2 Mobility strategies to anonymity

 

For the first time, we take a novel approach to exploit the salient nature of MANET, mobility, to design anonymity strategies. Our research in this thrust  has a few focuses, e.g., how mobility influences the anonymous system,  what requirements and strategies can be used for network protocols to enhance anonymity, and  how mobility can be explored to mitigate the threats.  We have made the following contributions.

   (a) We have developed a unified threat and countermeasure model “Motion-Mix” as a tool to model the mixing ability of mobility. The MMix is defined based on the effective eavesdropping area of an attacker and the mobility of a node. The concept introduces movements and dummy transmissions as countermeasures to increase the size of the area and to enhance the protection of privacy.  Mobile nodes will be able to mingle around when transmissions are indistinguishable using the anonymizing techniques.  This model also generates design principles for all the layers in the protocols stacks to ensure mobile anonymity. Using the model we were about to obtain analytic results on key privacy properties of ransom walk style mobility.  

  (b) We identified the itinerary attack -- the adversary explores the advances in wireless localization and signal print techniques to discover wireless users’ routine motions.  We propose to use mobility to mitigate the threats, namely, let nodes deliberately add camouflaged motions to their regular behaviors.   We developed the \Delta – mobility algorithm, which randomly adds a midpoint to a straight line motion segment. Our analysis and simulation show that this algorithm generates several advantages: it significantly increases the number of possible motion traces; the motion traces of many nodes are scattered and “mixed” so each becomes less distractible; and furthermore, it reduces the probability of itinerary exposure through generating less traceable wireless transmissions with a small travel overhead. In addition the algorithm can be applied to any mobility models by changing the original motion segments into more camouflaging paths.  We are working on more algorithms along the line.

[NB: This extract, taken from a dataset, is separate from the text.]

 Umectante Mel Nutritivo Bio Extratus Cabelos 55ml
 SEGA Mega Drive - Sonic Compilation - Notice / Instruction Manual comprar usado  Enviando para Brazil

*      Jiejun Kong, Dapeng Wu, Xiaoyan Hong, Mario Gerla, "Mobile Traffic Sensor Network versus Motion-MIX: Tracing and Protecting Mobile Wireless Nodes", ACM Security of Ad-hoc & Sensor Networks (SASN) 2005, Alexandria, Virginia, USA, November 7, 2005.

*      Lai Tang*, Xiaoyan Hong, Susan Vrbsky, “Camouflaging Mobility for Itinerary Privacy in Mobile Ad-hoc Networks”,  IEEE WoWMoM 08, Workshop on Security, Privacy and Authentication in Wireless Networks, Newport Beach, CA, June 23-27 2008.